The right to asylum in the UK is being transformed into the West's right to intervene abroad.

David Chandler

Topics Politics

We are often told that we live in a world where human rights have become paramount. It is claimed that the universal rights of human beings are being put before the limited and arbitrary rights of national citizenship.

If this is true, why is there such a consistent trend towards restricting the right to asylum, once seen as a basic universal right? Immigration policy has long been understood as a reflection of a state’s economic and political desire to regulate the supply of labour – but asylum was held to operate independently of the ‘narrow’ interests of national governments.

UK prime minister Tony Blair’s promise to slash asylum applications in half by September 2003 has raised asylum groups’ fears that fundamental human rights will be threatened (1). Such fears seem to have been confirmed by the findings of the joint Cabinet Office and Home Office project Future of Migration, whose report A New Vision for Refugees was leaked to the media. The report proposes that a majority of asylum seekers would lose their right to claim asylum in Britain and would be returned to ‘regional protection areas’, where their applications would be processed (2).

On 10 February 2003, UK government ministers promoted the report to Ruud Lubbers, the UN High Commissioner for Refugees, during his trip to London. Blair and his home secretary David Blunkett have already opened talks with the UN on revising the asylum rules, raising the possibility of Britain pulling out of the UN Convention and the European Convention on Human Rights if a new solution cannot be found.

What seems to be happening is that people’s right to asylum in the UK is being transformed into the West’s right to intervene abroad. Under the guise of protecting human rights abroad and easing the flow of refugees, Britain is boosting its right to call the shots in other states’ affairs.

The increasing concern over human rights over the past decade has mirrored the declining importance of rights of sovereign states to self-government and non-intervention. There is now little contradiction between upholding human rights and undermining a nation’s sovereign or democratic rights.
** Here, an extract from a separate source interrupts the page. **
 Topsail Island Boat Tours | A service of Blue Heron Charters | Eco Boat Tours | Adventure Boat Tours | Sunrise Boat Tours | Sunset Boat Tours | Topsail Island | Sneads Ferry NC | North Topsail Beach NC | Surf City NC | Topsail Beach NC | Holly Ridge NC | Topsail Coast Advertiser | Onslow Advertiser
Throughout the 1990s, Western powers launched wars and invasions under the guise of ‘defending human rights’, everywhere from Somalia to Bosnia, from Kosovo to Afghanistan.

The blurred distinction between domestic and international political concerns reflects the increased leverage that Western states have had over the rest of the world since the end of the Cold War. And in the context of the growing division between the major powers and the less developed world, the right of asylum is one of the long-standing universal claims that is under threat (3).

In the Cold War world – framed by the UN Charter protecting the equal rights of sovereign statehood – the domestic and international spheres were strictly separate. Humanitarian assistance and the claim to asylum were based on the limited rights of external intervention in crisis situations. For this reason, such rights seem anomalous today, at a time when intervention in the name of human rights is prevalent.

The Office of the UN High Commissioner for Refugees and the 1951 UN Convention on Refugees were established to protect refugees’ rights. The right to asylum is a universal claim rather than a political right, as the subject concerned is by definition not a citizen of the state concerned.

The rights of refugees to find safe refuge in another state – with the option to return home voluntarily, integrate locally or to resettle in a third country – fall on the universal claim of need. The right to asylum has fallen into disrepute as the right to intervene has grown. If the Western powers have a new ‘responsibility’ to intervene to protect human rights there is less pressure to grant a right of asylum. This was stressed by European Union officials, who have argued that the proposals build on earlier thinking about the establishment of ‘safe havens’ (4).

Rather than grant rights of asylum, the report A New Vision for Refugees proposes a range of ‘protected areas’ near or in the refugees’ country of origin, where they can be held. These include a regional protection area in Turkey, Iran or northern Iraq for Iraqis; a protected area in northern Somalia for Somalis in the south; a protection area in Morocco for Algerians and other Africans in transit to the EU; a possible protected area in the Balkans, and possibly one in Zimbabwe; a protection area in the Ukraine or Russia to be used as ‘an off-territory processing centre’, where economic migrants who arrive in Britain from areas bordering the newly enlarged EU could be sent while their claims are processed.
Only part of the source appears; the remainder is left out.